A: standard curve of real-time PCR for CPI-17. B: average of the PCR results. The required PCR cycle numbers was significantly decreased in diabetic DSM samples compared with normal or diuretic controls. It was 31.4 cycles for normal sample, 31.6 cycles for diuretic controls, and 26.1 cycles for diabetic samples. C: Western blot for CPI-17. D: bar graph showing the relative expression of CPI-17 at the protein level.
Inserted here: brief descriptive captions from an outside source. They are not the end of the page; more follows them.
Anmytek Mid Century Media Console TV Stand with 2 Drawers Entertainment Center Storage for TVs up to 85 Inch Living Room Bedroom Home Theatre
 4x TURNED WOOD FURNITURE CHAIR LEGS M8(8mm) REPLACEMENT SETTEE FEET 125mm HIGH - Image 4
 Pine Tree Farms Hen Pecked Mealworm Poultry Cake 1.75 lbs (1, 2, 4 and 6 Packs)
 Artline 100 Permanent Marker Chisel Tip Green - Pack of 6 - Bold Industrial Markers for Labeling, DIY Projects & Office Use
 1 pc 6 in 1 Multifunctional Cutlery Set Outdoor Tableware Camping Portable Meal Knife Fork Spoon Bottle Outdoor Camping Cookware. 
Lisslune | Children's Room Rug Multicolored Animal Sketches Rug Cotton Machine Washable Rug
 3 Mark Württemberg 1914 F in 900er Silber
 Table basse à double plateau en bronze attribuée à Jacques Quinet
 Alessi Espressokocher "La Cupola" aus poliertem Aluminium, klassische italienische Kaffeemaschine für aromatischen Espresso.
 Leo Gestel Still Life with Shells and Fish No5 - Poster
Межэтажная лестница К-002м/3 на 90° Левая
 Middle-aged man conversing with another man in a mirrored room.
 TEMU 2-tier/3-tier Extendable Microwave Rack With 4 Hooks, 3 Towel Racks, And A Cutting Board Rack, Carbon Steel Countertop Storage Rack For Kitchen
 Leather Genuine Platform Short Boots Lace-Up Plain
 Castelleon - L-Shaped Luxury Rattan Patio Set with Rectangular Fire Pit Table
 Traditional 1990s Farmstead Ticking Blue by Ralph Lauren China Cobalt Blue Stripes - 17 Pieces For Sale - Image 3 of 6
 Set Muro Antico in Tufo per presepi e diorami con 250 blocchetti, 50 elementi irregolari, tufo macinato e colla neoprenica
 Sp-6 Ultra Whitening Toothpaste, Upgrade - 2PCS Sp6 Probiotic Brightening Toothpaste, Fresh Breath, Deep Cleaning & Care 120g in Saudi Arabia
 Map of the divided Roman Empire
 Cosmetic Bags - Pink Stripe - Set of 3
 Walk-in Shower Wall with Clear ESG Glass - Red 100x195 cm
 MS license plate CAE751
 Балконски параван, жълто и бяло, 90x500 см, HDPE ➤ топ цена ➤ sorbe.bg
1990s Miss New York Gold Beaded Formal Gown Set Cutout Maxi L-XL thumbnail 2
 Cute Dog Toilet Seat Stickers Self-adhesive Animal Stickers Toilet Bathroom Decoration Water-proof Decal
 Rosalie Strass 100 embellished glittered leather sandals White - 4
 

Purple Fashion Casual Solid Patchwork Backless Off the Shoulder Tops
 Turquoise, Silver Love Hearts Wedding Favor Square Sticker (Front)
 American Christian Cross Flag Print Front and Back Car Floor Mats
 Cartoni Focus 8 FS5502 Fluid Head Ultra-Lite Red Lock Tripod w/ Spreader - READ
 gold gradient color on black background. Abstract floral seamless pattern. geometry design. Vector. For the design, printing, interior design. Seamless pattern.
There was almost a 2.5-fold higher expression of CPI-17 at the protein level in diabetic detrusor compared with normal and diuretic samples. *Significant difference between samples (n = 4, P < 0.01). (Reproduced with permission from Chang et al, 2006.).

Figure 7. Selected areas from 2-dimensional (2D) gel showing basal MLC₂₀ phosphorylation in normal, diuretic, and diabetic detrusor smooth muscle (DSM)

A: normal. B: diuretic. C: diabetic. D: bar graph showing the average values of myosin light chain (MLC) phosphorylation. Phosphorylated MLC₂₀ (P-MLC₂₀) runs slightly higher and more toward the acidic side than unphosphorylated MLC₂₀ (UP-MLC₂₀) in the gel. The basal phosphorylation of MLC₂₀ was 18% in normal DSM. Diuretic control had a very similar level (19.2%) of MLC₂₀ phosphorylation. However, the phosphorylation level was significantly increased to 28% in diabetic detrusor. *Significant difference between samples (n = 3, P < 0.05). (Reproduced with permission from Chang et al, 2006.).